Part 29
Schiller! Schiller! tu méritais un ami moins humain! Mes yeux ne peuvent quitter ces étroites fenêtres, cette obscure maison, ce toit misérable et noir; il est une heure du matin, la lune brille, le froid est intense. Tout se tait; ils sont tous morts... Peu à peu ma poitrine se gonfle; je tremble; écrasé de respect, de regrets et de ces affections infinies que le génie à travers la tombe inflige quelquefois à d'obscurs survivants, je m'agenouille auprès de l'humble seuil, et, souffrant, admirant, aimant, adorant, je répète: Schiller!... Schiller!... Schiller!...
Que te dire maintenant, cher, du véritable sujet de ma lettre? j'en suis si loin. Attends, je vais, pour rentrer dans la prose et me calmer un peu, penser à un autre habitant de Weimar, à un homme d'un grand talent, qui faisait des messes, de beaux septuors, et jouait sévèrement du piano, à Hummel... C'est fait, me voilà raisonnable!

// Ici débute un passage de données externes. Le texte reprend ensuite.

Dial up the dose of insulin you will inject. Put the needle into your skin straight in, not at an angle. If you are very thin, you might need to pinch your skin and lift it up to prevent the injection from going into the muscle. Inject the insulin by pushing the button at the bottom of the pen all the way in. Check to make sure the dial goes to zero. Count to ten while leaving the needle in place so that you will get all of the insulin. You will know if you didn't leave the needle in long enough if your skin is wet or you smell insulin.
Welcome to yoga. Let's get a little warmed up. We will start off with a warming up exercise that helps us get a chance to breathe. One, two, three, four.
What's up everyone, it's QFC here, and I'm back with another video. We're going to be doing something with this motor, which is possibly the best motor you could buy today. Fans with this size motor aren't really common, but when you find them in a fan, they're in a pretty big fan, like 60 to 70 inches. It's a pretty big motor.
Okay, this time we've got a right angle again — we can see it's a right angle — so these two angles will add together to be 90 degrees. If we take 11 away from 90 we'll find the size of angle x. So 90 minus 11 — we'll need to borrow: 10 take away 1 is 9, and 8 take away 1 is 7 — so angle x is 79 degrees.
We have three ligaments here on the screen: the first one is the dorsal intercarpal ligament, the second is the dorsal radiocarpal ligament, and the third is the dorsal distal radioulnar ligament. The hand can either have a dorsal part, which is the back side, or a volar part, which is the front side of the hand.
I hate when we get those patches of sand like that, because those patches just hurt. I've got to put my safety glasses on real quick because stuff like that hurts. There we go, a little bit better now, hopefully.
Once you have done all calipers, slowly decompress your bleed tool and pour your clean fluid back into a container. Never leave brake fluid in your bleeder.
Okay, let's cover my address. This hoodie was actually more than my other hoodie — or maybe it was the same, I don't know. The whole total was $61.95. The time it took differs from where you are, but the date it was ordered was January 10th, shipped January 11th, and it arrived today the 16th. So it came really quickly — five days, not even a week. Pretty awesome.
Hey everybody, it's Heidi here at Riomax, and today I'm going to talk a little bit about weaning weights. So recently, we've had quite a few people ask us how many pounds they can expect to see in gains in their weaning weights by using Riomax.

Chélard, en sa qualité d'artiste d'abord, de Français et d'ancien ami ensuite, a tout fait pour m'aider à parvenir à mon but. L'intendant, M. le baron de Spiegel, entrant dans ses vues bienveillantes, a mis à ma disposition le théâtre et l'orchestre; je ne dis pas les choeurs, car il n'aurait probablement pas osé m'en parler. Je les avais entendus en arrivant, dans _le Vampire_ de Marschner; on ne se figure pas une telle collection de malheureux, braillant hors du ton et de la mesure. Je ne connaissais rien de pareil. Et les cantatrices! oh! les pauvres femmes! Par galanterie, n'en parlons pas. Mais il y a là une basse qui remplissait le rôle du Vampire; tu devines que je veux parler de Génast! N'est-ce pas que c'est un artiste dans toute la force du terme?... Il est surtout tragédien; et j'ai bien regretté de ne pouvoir rester plus longtemps à Weimar, pour lui voir jouer le rôle de Lear, dans la tragédie de Shakespeare, qu'on montait au moment de mon départ.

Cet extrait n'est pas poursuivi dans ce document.